This project was part of the final project for Stanford's CS 224n Deep Learning for Natural Language Processing
My project was to reimplement the QANet Architecture proposed by Google Brain and CMU in (https://arxiv.org/abs/1804.09541)
To run the code in this repo follow the steps below:
First setup the local environment using
- conda env create -f environment.yml
- source activate squad
Then run python setup.py to get the data in the right folders
Finally run train.py --name
Motivation:
Reading comprehension and question answering are critical natural language tasks that many modern NLP models benchmark against. The applications of a good reading comprehension system can extend from digital assistants and chat bots to even medical applications where patients want to know what conditions their symptoms could map to. Previous reading comprehension models have made use of bidirectional attention flows between the context and query as well as encoding representation of the context and query. While these systems perform well they are slow and do not take advantage of recent work in Transformers and models that exclusively convolutions or self attention.
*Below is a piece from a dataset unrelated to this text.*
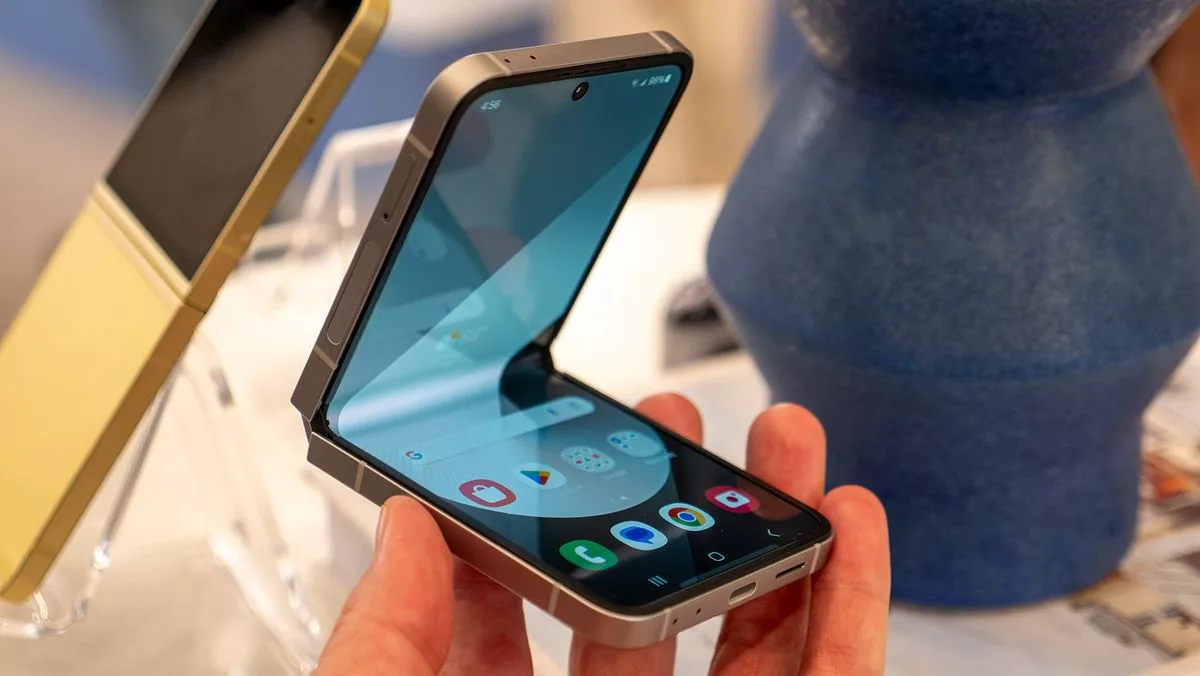 Samsung Galaxy Z Flip 7: Yeni Çipset Ve Özellikler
Given that most of the new state of the art natural language models are attention based, it seems logical to extend this to reading comprehension. QANet attempts to bring these innovations in neural architecture for a question answering model. QANet proposes to make use of exclusively convolutions and self attentions in the encoders to produce context and query representations. The motivation here is that convolutions capture local structure while the attention captures global structure in the sentence. On top of these encoders, there is a context to query attention layer which implements the bidirectional attention. Finally output probabilities are computed to determine the start and end indices of an answer in the context.
The key advantage of using convolutions and attention is to improve speed in inference and training. With the increased focus on privacy and running machine learning on the edge, faster models would be preferable.